Hi Robin,
Am 15.09.2022 um 21:43 schrieb Robin Roevens:
Hi Bernhard
Bernhard Bitsch schreef op do 15-09-2022 om 13:48 [+0200]:
Hi all,
as an 'old real time programmer' this reminds me deeply at Dijkstra/Hoare's "Dining philosophers problem".
The check for presence of the lockfile and the generation of it are not 'atomic'. Means two programs can run in parallel.
Indeed.. In a shell script, a more atomic approach would be instead of using a lockfile, a lock-directory: 'mkdir' creates a directory only if it not already exists and if it does already exist, it will return an exit code. So here we have both checking and generating in one atomic operation. This is better explained here: https://wiki.bash-hackers.org/howto/mutex
Not sure if this can be translated to Perl in an atomic way.. I did find this perl code snippet however:
use strict; use warnings; use Fcntl ':flock';
flock(DATA, LOCK_EX|LOCK_NB) or die "There can be only one! [$0]";
# mandatory line, flocking depends on DATA file handle __DATA__
Which could be a possible solution, I think.
Looks promising. Will look into this.
I also found this, which seems quiet promising: https://metacpan.org/pod/Script::Singleton to perform locking by using shared memory.
I'll investigate this further. But the deletion of the lock should happen anyways, as far I've seen till now.
True, it should be deleted always and as said before, I could not reproduce this manually .. but my Zabbix agent seems to be able to trigger this problem at least once every 24h on my IPFire mini appliance, only by executing pakfire every 10 minutes.
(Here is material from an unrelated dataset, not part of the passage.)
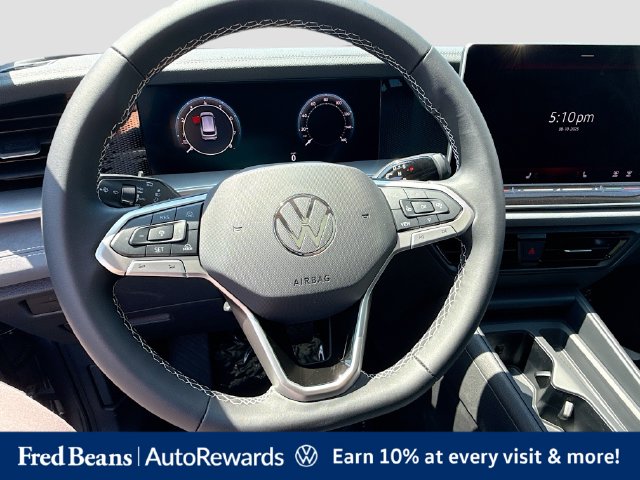 2025 Volkswagen Tiguan SE - Photo 9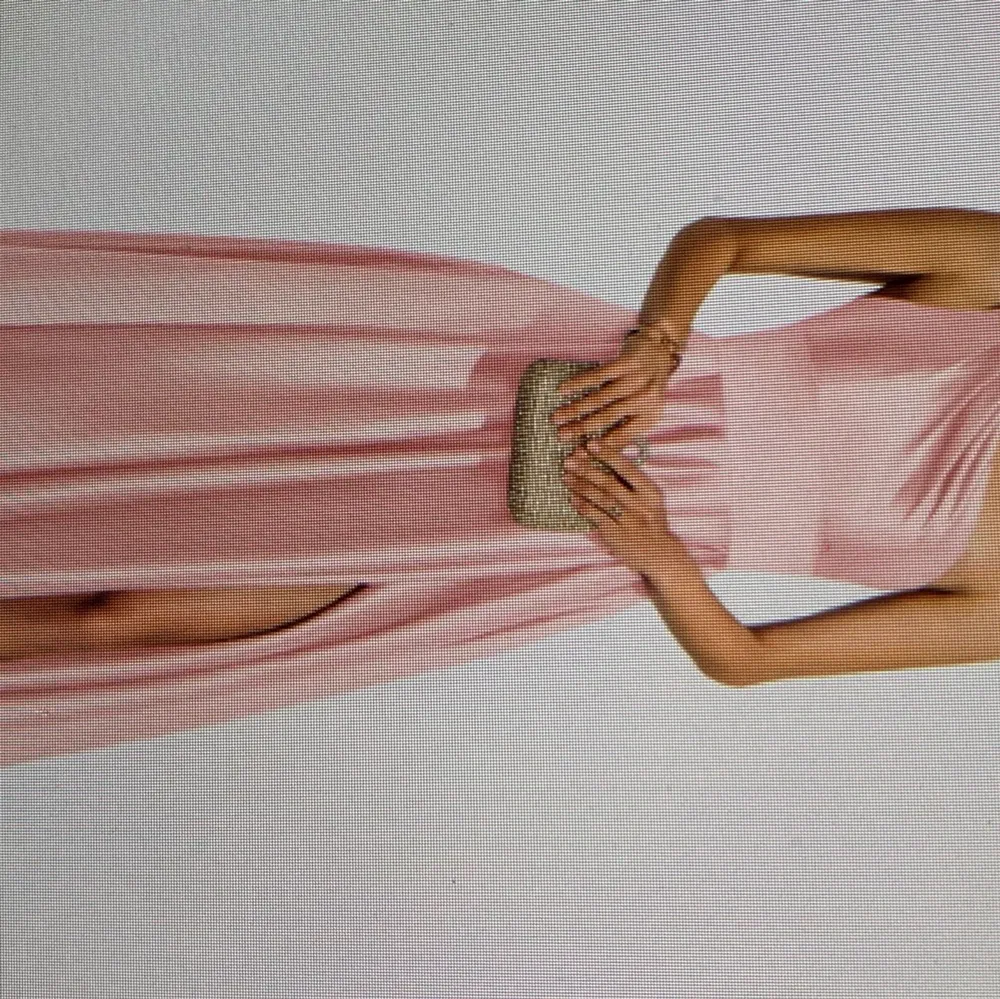 Så himla fin balklänning i världens finaste färg. 😍😍 Köpt på jjhouse, modellens artikel nummer är #187201 i färgen pearl pink.  Har många fler bilder bara att fråga! Endast testad och inga fel på klänningen. Priset kan diskuteras. Klänningar.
That is why I'm suspecting the abnormal termination of pakfire, leaving the lockfile in place, is actually caused by sudo.
On the other hand.. this can also happen when pakfire is running and suddenly the power is cut.. then the lockfile will still be present when the machine is back up.. So I think, if we stay with the lockfile, we at least need some check for a stale lockfile, like checking if the process that created the lockfile still exists or not and removing it if not.
Because the lockfile is located in /tmp, I don't think it survives a reboot.